Captioned web images:
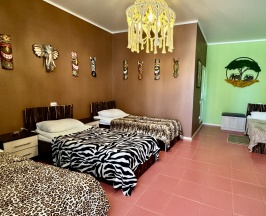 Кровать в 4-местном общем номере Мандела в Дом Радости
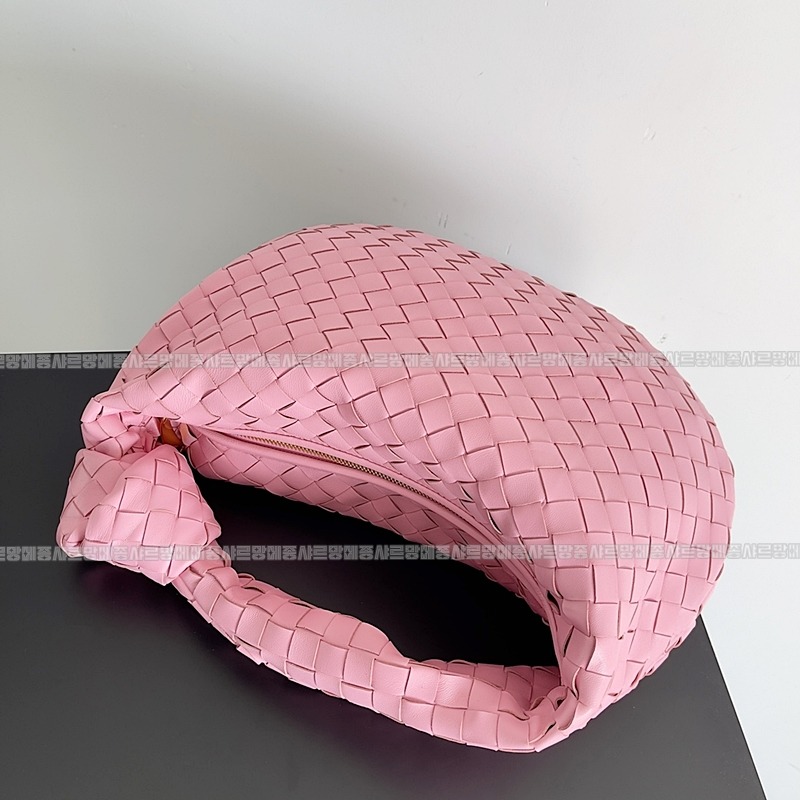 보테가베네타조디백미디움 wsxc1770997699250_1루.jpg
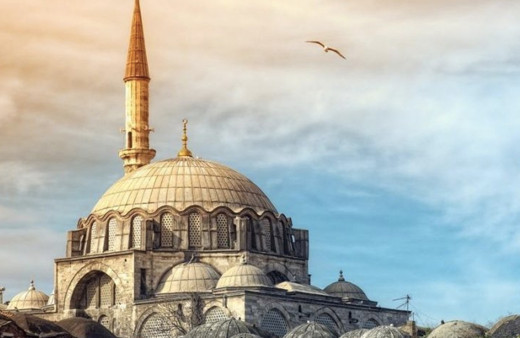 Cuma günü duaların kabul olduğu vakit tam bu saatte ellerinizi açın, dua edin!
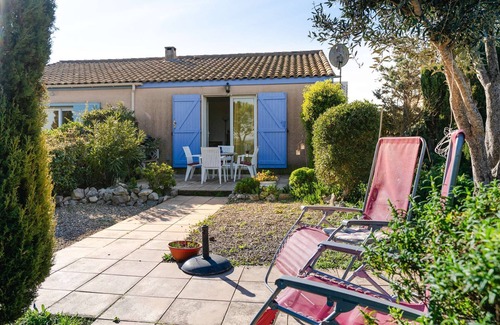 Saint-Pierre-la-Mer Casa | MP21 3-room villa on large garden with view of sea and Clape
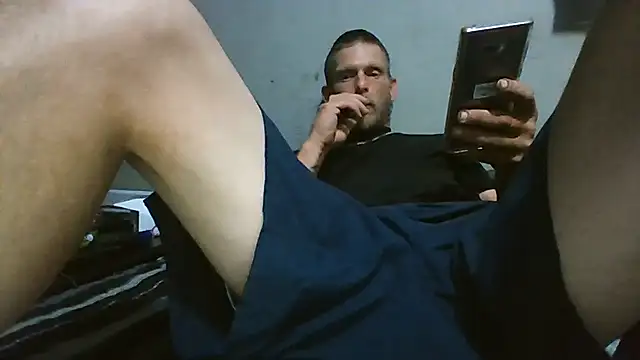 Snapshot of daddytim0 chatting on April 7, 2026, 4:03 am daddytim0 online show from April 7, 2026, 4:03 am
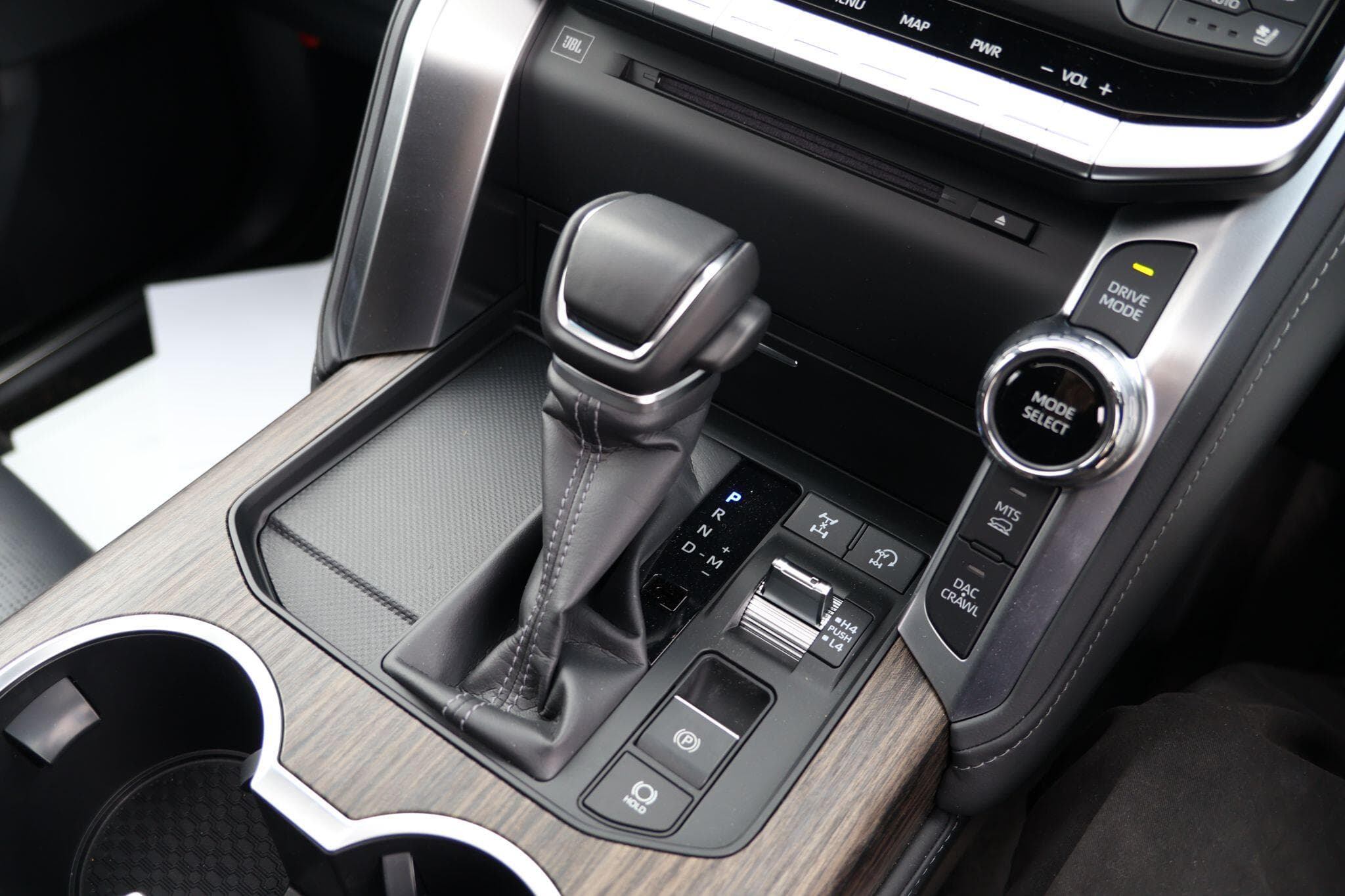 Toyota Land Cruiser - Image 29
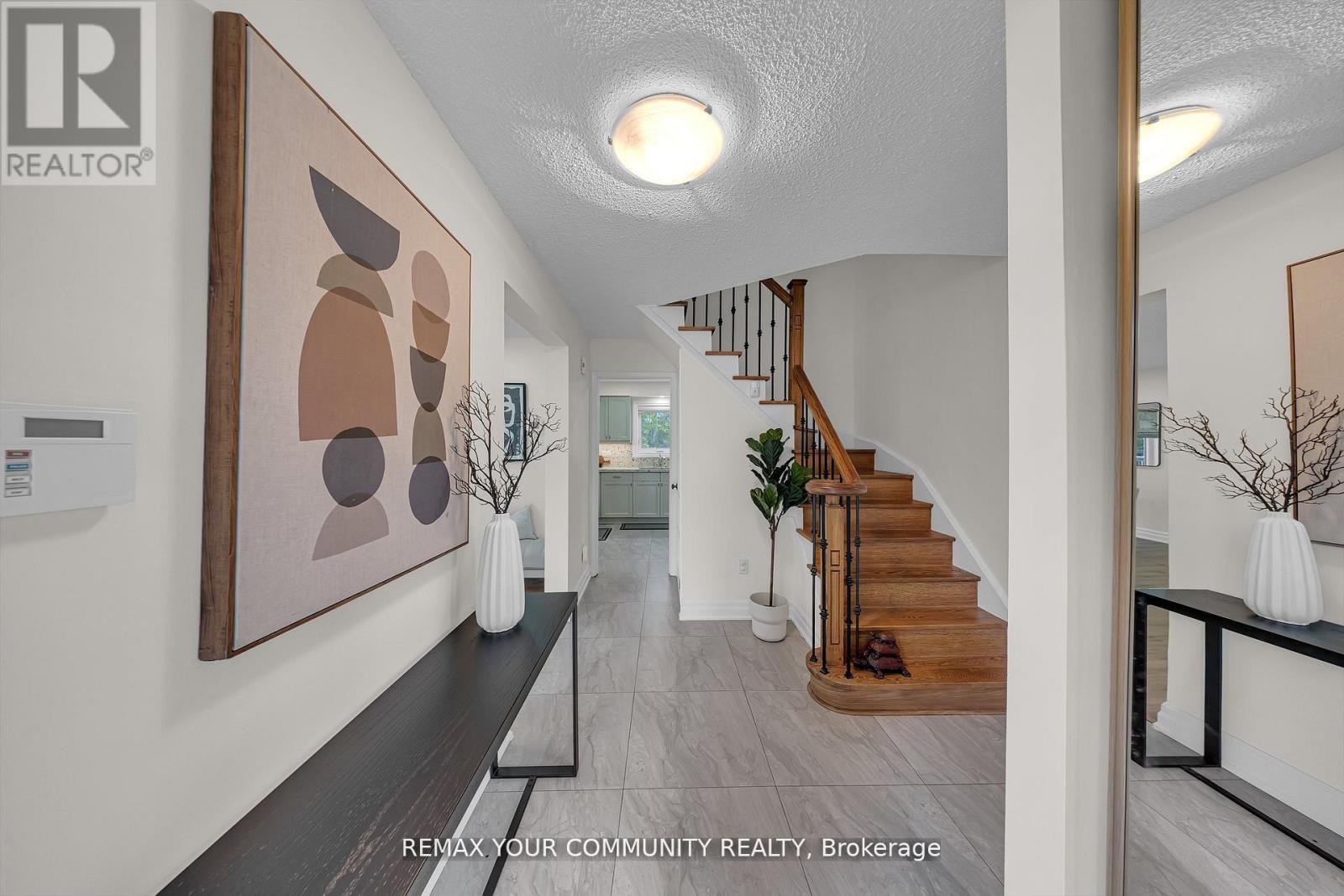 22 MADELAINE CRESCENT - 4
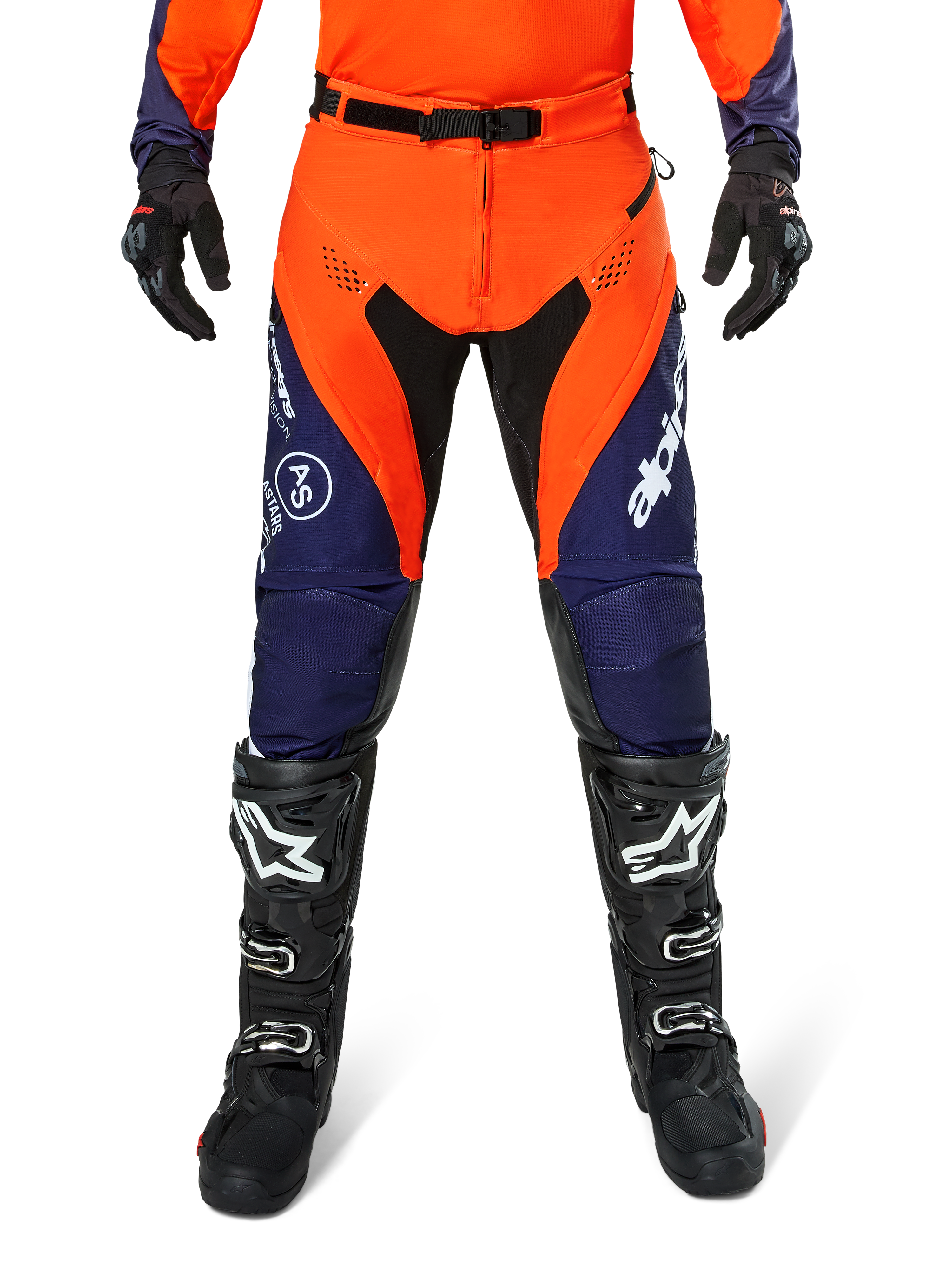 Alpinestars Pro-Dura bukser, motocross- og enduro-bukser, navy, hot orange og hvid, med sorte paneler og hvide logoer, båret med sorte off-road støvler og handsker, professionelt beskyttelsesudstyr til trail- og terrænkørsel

> **Task description**:
Reproduce every record word for word. The copy must contain no pictures.

> **Response to this exercise**:
 Кровать в 4-местном общем номере Мандела в Дом Радости
 보테가베네타조디백미디움 wsxc1770997699250_1루.jpg
 Cuma günü duaların kabul olduğu vakit tam bu saatte ellerinizi açın, dua edin!
 Saint-Pierre-la-Mer Casa | MP21 3-room villa on large garden with view of sea and Clape
 Snapshot of daddytim0 chatting on April 7, 2026, 4:03 am daddytim0 online show from April 7, 2026, 4:03 am
 Toyota Land Cruiser - Image 29
 22 MADELAINE CRESCENT - 4
 Alpinestars Pro-Dura bukser, motocross- og enduro-bukser, navy, hot orange og hvid, med sorte paneler og hvide logoer, båret med sorte off-road støvler og handsker, professionelt beskyttelsesudstyr til trail- og terrænkørsel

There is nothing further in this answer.